== MATERIAL SUPPLIED ==

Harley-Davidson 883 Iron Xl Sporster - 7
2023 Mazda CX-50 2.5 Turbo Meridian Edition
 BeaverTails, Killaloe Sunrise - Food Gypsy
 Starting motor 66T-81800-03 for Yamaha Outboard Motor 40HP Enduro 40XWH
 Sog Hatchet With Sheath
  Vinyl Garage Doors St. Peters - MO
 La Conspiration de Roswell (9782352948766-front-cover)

===

> HOW TO COMPLETE THIS TASK:
Transcribe exactly, starting at the line with "Starting motor 66T-81800-03" and continuing through the last line of the data above; leave out all earlier lines.

> WRITTEN REPLY:
 Starting motor 66T-81800-03 for Yamaha Outboard Motor 40HP Enduro 40XWH
 Sog Hatchet With Sheath
  Vinyl Garage Doors St. Peters - MO
 La Conspiration de Roswell (9782352948766-front-cover)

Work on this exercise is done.